Input for this task >>
━━━━

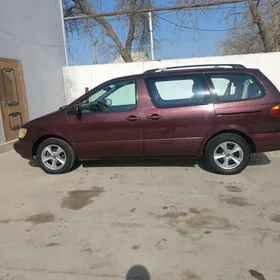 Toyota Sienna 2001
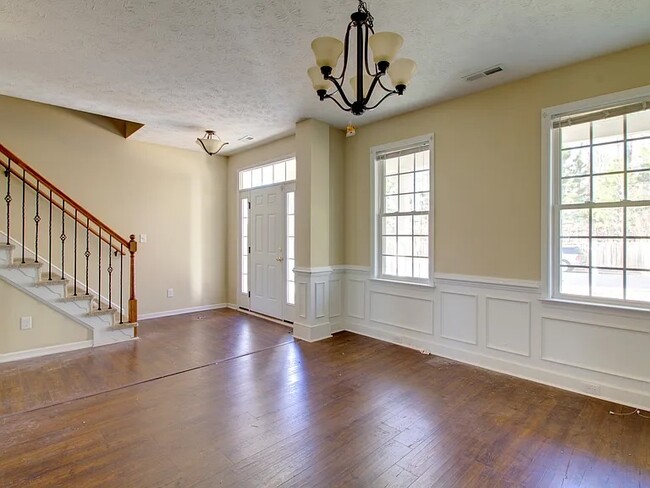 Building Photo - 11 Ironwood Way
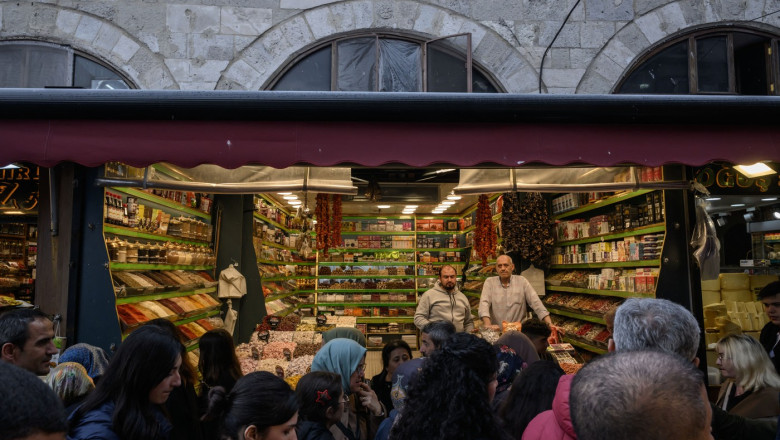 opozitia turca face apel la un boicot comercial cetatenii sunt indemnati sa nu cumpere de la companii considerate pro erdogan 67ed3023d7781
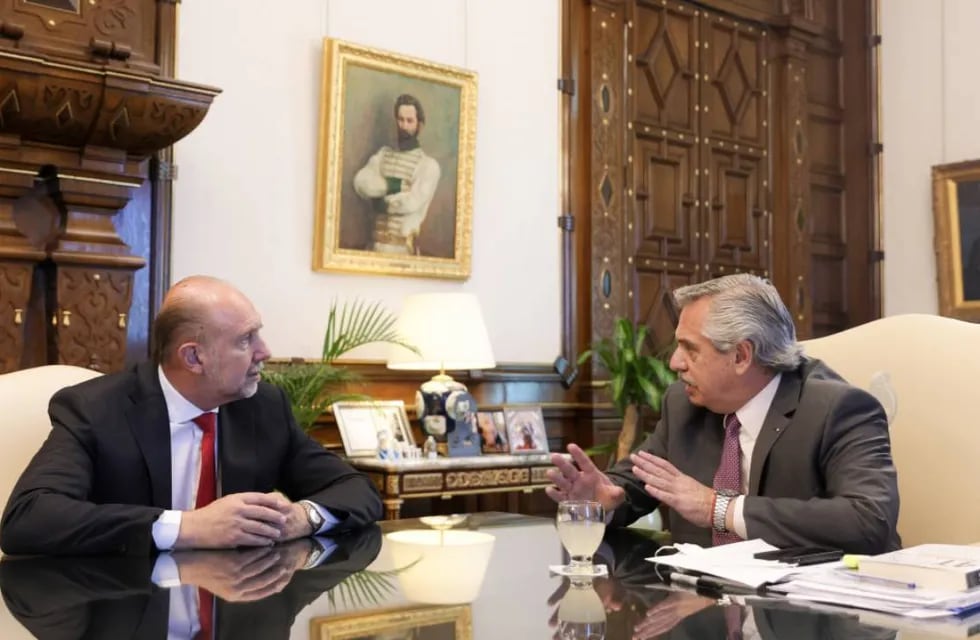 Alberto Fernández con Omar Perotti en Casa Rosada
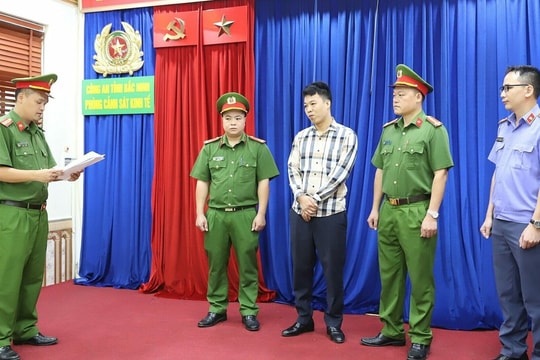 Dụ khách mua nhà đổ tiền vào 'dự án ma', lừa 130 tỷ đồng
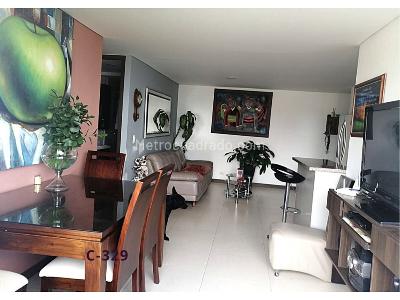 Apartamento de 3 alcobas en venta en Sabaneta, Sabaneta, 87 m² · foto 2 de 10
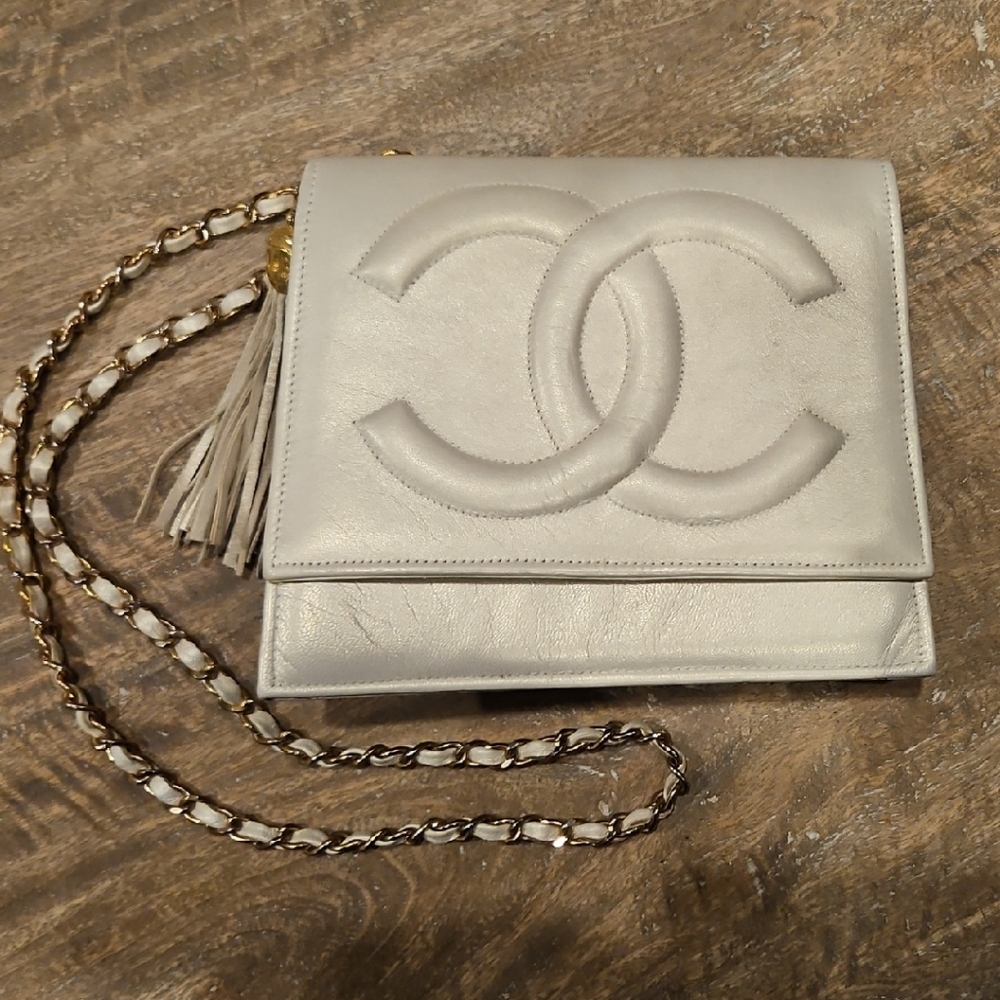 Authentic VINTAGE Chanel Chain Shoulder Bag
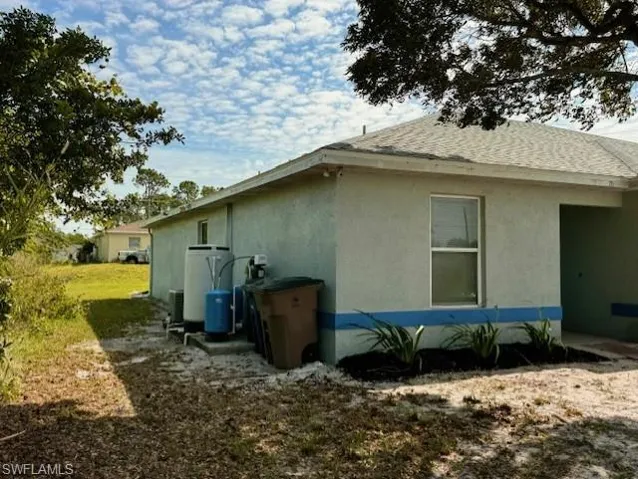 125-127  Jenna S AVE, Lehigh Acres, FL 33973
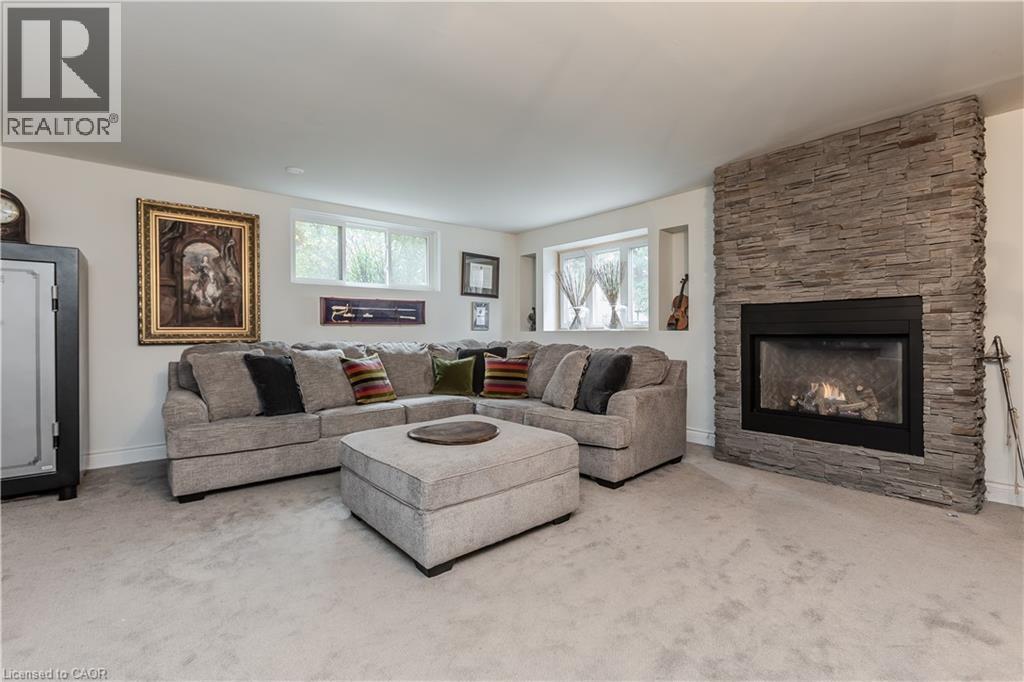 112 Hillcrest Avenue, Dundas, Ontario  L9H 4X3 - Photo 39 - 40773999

━━━━

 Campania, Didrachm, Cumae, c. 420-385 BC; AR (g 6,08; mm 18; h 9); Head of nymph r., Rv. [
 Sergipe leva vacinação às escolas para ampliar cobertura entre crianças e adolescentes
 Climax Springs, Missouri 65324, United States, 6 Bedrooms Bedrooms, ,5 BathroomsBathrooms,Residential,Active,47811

━━━━

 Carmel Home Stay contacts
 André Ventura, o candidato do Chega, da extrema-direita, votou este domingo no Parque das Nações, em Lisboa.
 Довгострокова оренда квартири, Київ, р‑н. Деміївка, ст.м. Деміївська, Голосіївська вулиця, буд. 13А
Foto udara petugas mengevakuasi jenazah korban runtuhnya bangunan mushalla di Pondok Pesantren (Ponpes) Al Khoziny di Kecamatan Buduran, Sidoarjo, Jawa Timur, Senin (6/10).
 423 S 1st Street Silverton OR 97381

━━━━

Exercise aim >>
Restate word for word every line from the one with "Toyota Sienna 2001" up to and including the one with "112 Hillcrest Avenue, Dundas, Ontario" in the records above, minus the pictures.

Written response >>
 Toyota Sienna 2001
 Building Photo - 11 Ironwood Way
 opozitia turca face apel la un boicot comercial cetatenii sunt indemnati sa nu cumpere de la companii considerate pro erdogan 67ed3023d7781
 Alberto Fernández con Omar Perotti en Casa Rosada
 Dụ khách mua nhà đổ tiền vào 'dự án ma', lừa 130 tỷ đồng
 Apartamento de 3 alcobas en venta en Sabaneta, Sabaneta, 87 m² · foto 2 de 10
 Authentic VINTAGE Chanel Chain Shoulder Bag
 125-127  Jenna S AVE, Lehigh Acres, FL 33973
 112 Hillcrest Avenue, Dundas, Ontario  L9H 4X3 - Photo 39 - 40773999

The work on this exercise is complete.